Problem details> Please reproduce the listing in its entirety, exactly as written, but without images.

Provided material>
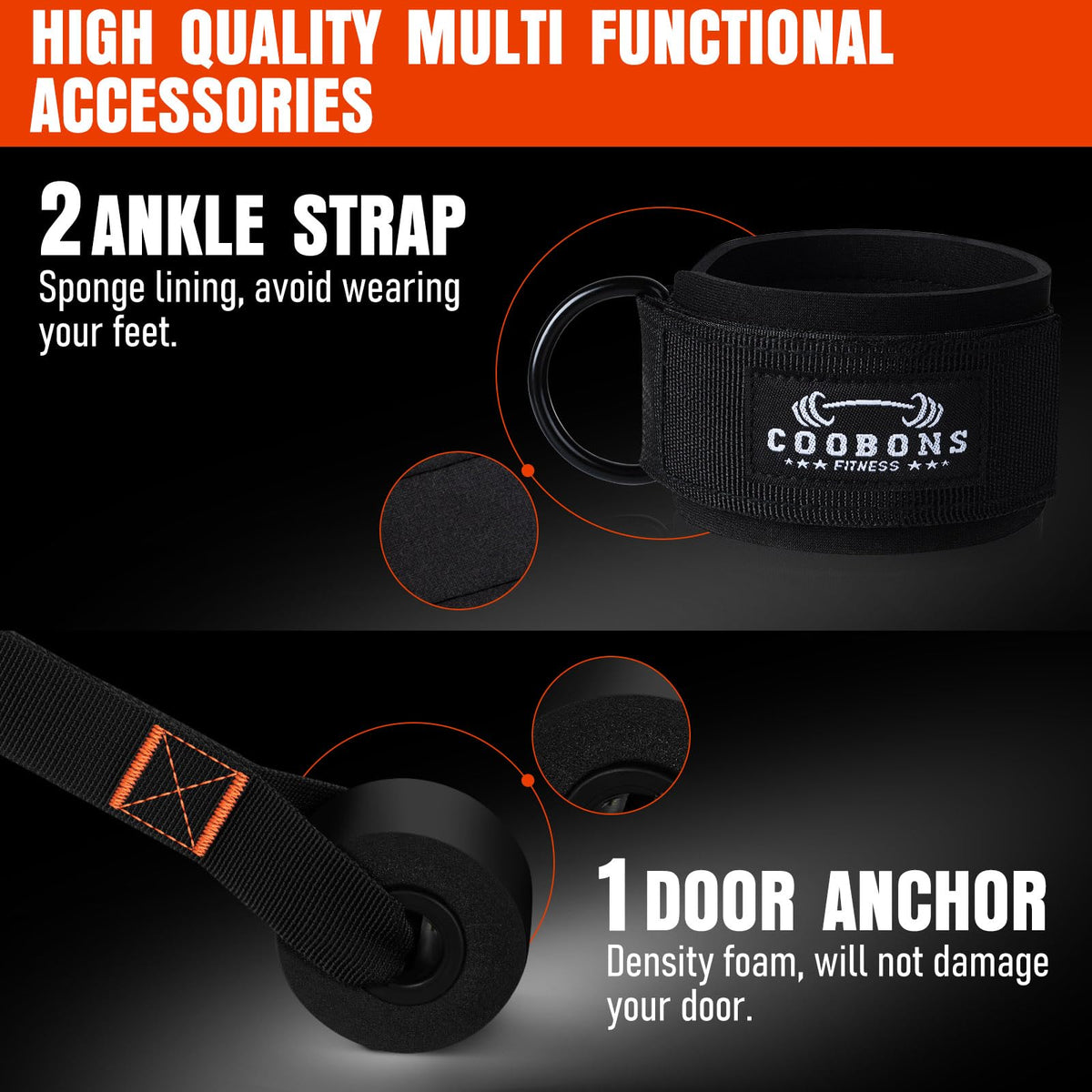 Resistance Bands with Handles, 375lb Exercise Bands for Working Out, Fitness Bands, Workout Bands with Door Anchor and Ankle Straps, Physical Therapy, Yoga, Strength Training Home Gym Equipment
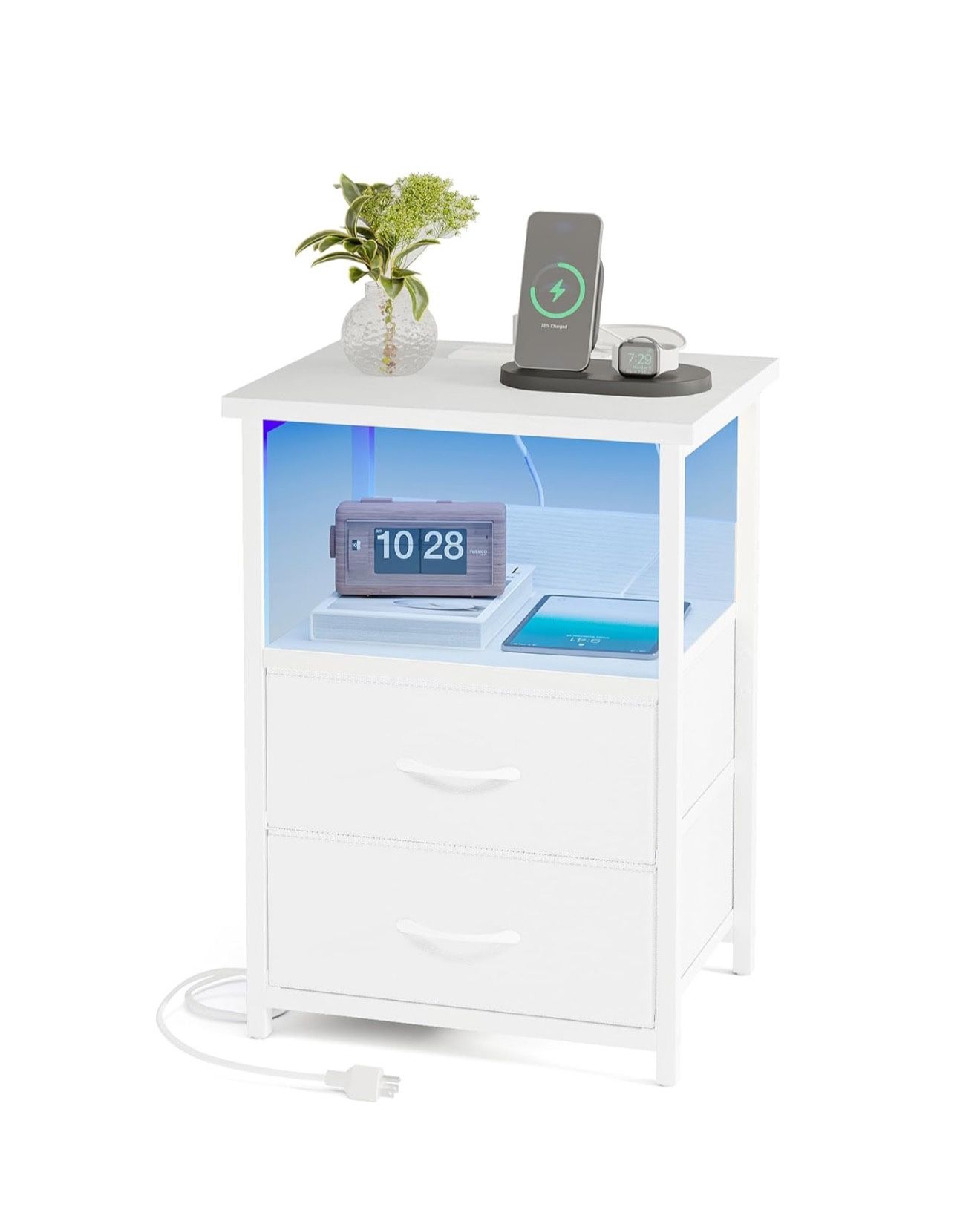 White Night Stand with Charging Station, LED, USB Ports, Outlets & 2 Fabric Storage Drawers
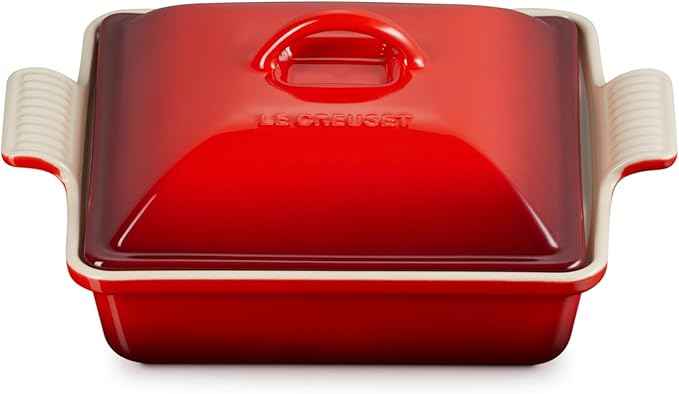 Le Creuset Stoneware Heritage Shallow Square Casserole, 2qt. (9”), Cerise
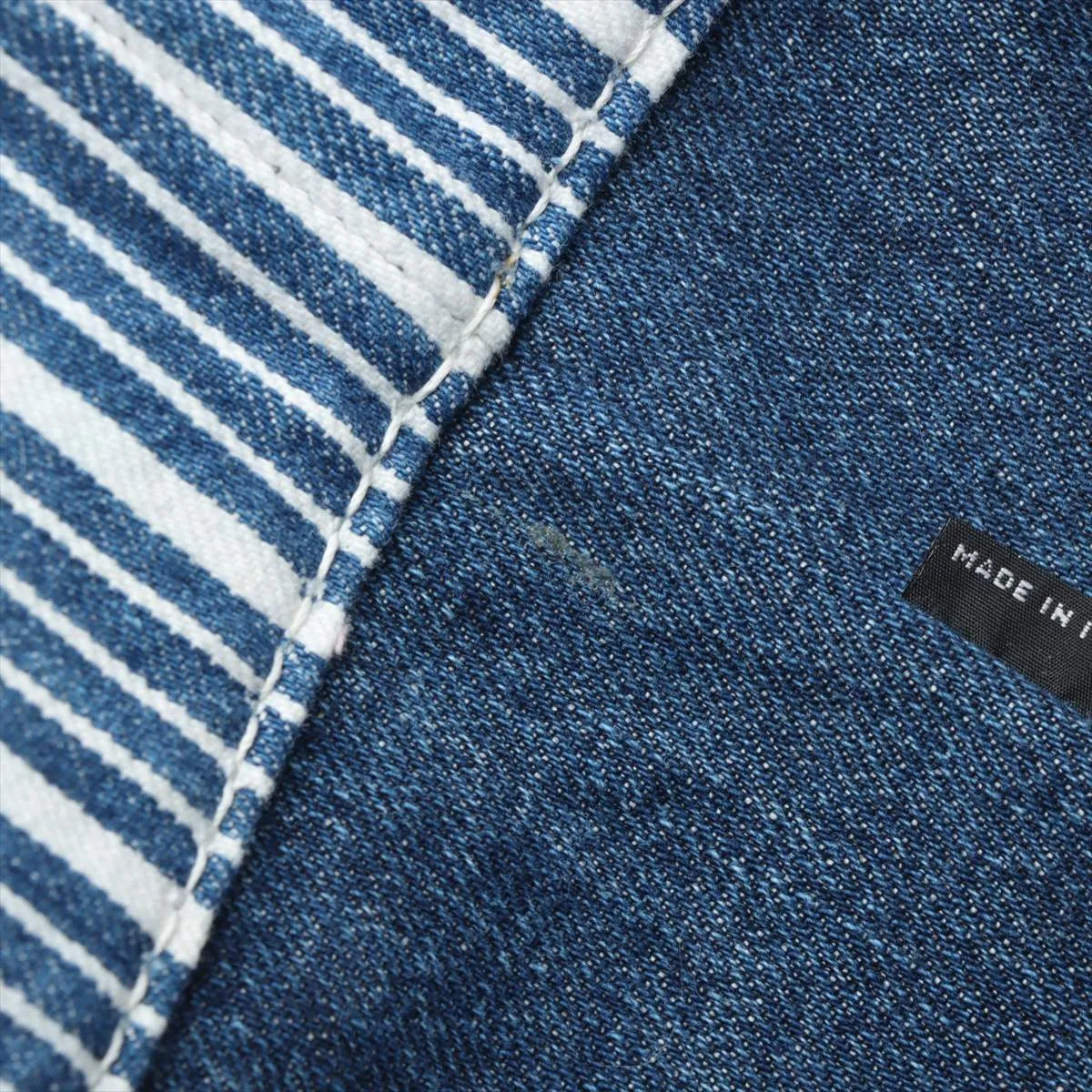 Logo Denim and Leather Tote Bag, Blue, 5BG234 — view 11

Written response>
 Resistance Bands with Handles, 375lb Exercise Bands for Working Out, Fitness Bands, Workout Bands with Door Anchor and Ankle Straps, Physical Therapy, Yoga, Strength Training Home Gym Equipment
 White Night Stand with Charging Station, LED, USB Ports, Outlets & 2 Fabric Storage Drawers
 Le Creuset Stoneware Heritage Shallow Square Casserole, 2qt. (9”), Cerise
 Logo Denim and Leather Tote Bag, Blue, 5BG234 — view 11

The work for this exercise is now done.